Et encore... Imaginez un journaliste qui se promenerait dans la campagne française, et qui essaierait d'entrer partout, de bavarder, d'interroger sur de pareils sujets. Quelles confidences pourrait-il arracher, que pourrait-il savoir qui aille au-delà de l'anecdote isolée, sans signification ? Mieux vaut vraiment dire : voilà ce que j'ai vu, je ne peux pas en dire plus, je ne sais pas. Et, sans doute, personne ne sait.
Sur un autre plan, comment faut-il interpréter l'attitude de ce jeune homme qui, rue Gorki, abordé un touriste reconnaissable à son manteau poilu et lui demande en anglais:
— Vous ne voulez pas me vendre un de vos costumes, votre chemise ? J'aime tellement les vêtements italiens...
Le poids de la police
Et cet autre, au visage de voyou, qui propose d'acheter ou de vendre des dollars...
En un sens, cela rassure. Il y en a donc qui passent à travers tous les systèmes. Comme cela rassure d'apprendre par un journal que le personnel de tel restaurant a été arrêté et mis en prison parce qu'il trafiquait sur la vodka et le caviar. Un pays sans quelques gredins avoués, c'est un pays qui ment.
Comme cela rassure d'entendre la plaisanterie suivante qui court a Moscou :
— Vous croyez que l'Amérique pourrait devenir un pays socialiste ?
— Oui, sûrement... (un temps). Sûrement, mais ce serait dommage !
Un pays sans humour, fût-ce à ses propres dépens, est un pays qui a peur.
Quelques moutons noirs et un peu d'humour n'ont pas témoigné, à mes yeux, contre la société soviétique. Mais chacun est libre d'en penser autrement.
Quant à la police... Son poids n'est pas sensible, à aucun moment. Les conversations, les déplacements en ville, les visites chez les uns et les autres s'effectuent dans la plus grande liberté. Du moins l'éprouve-t-on ainsi. Et le vieux monsieur tout gentil qui, m'entendant parler dans l'autobus, m'a dit :
— Vous êtes Française ? Ah ! que c'est beau Paris ! J'y ai fait mes études, il y a longtemps, longtemps. Je m'appelle Untel. Je suis architecte...

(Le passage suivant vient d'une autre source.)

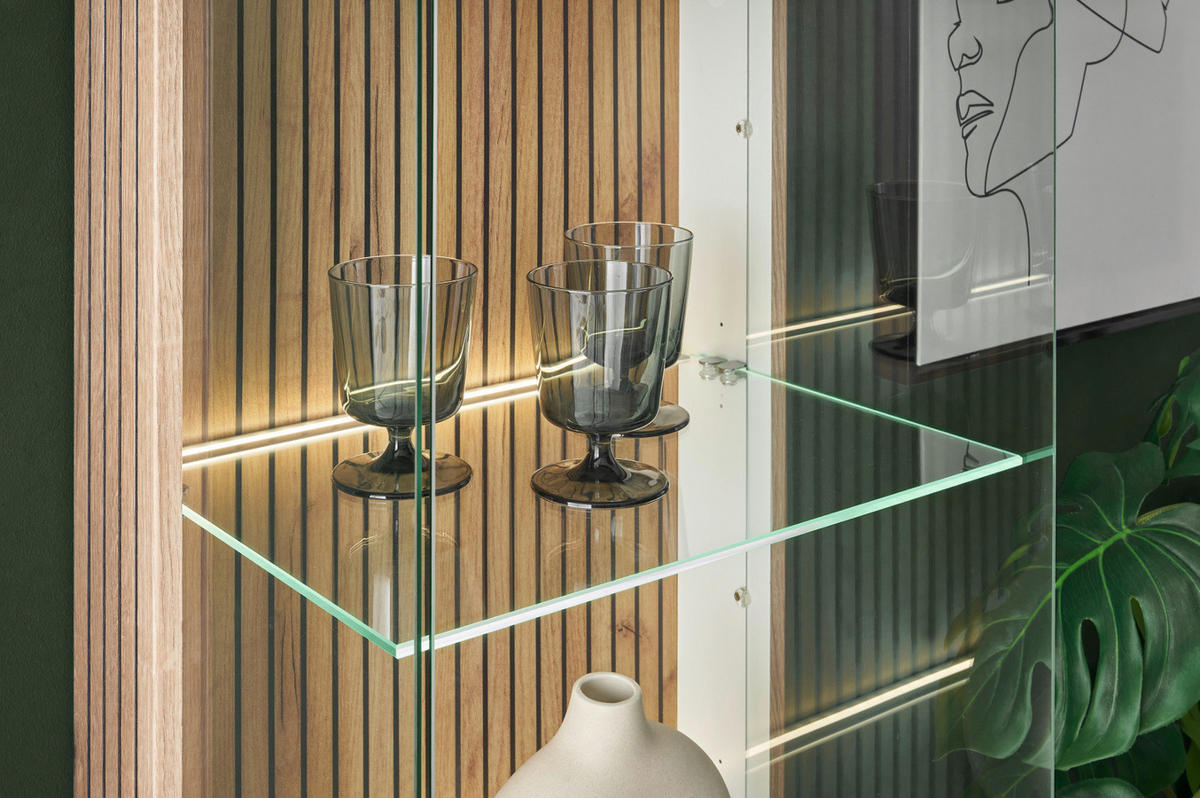 WOHNWAND weiß matt, Eiche 3-teilig 258 x 180 cm, Schrankwand mit viel Stauraum und Soft-Close-Funktion - Eichefarben/Schwarz, Glas/Holzwerkstoff (258/180/42cm)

Ce vieux monsieur n'était ni un provocateur ni un homme apeuré.
Bien sûr, je donnerais ma tête à couper que l'homme gris, installé presque en permanence dans le hall de l'hôtel, n'était pas un désœuvré, mais ce qu'on appelle dans tous les pays du monde : un indicateur. Ce qu'il indique : Mystère.
Dans un hôtel de Londres ou de New York, je n'aurais sans doute pas noté sa présence. Ce qui ne signifie pas qu'il en aurait été absent, mais que les idées reçues, justes ou pas aujourd'hui, sont fortes, et que l'étranger qui voit une émanation de la police à Londres ou à New York ne pense pas la même chose qu'à Moscou.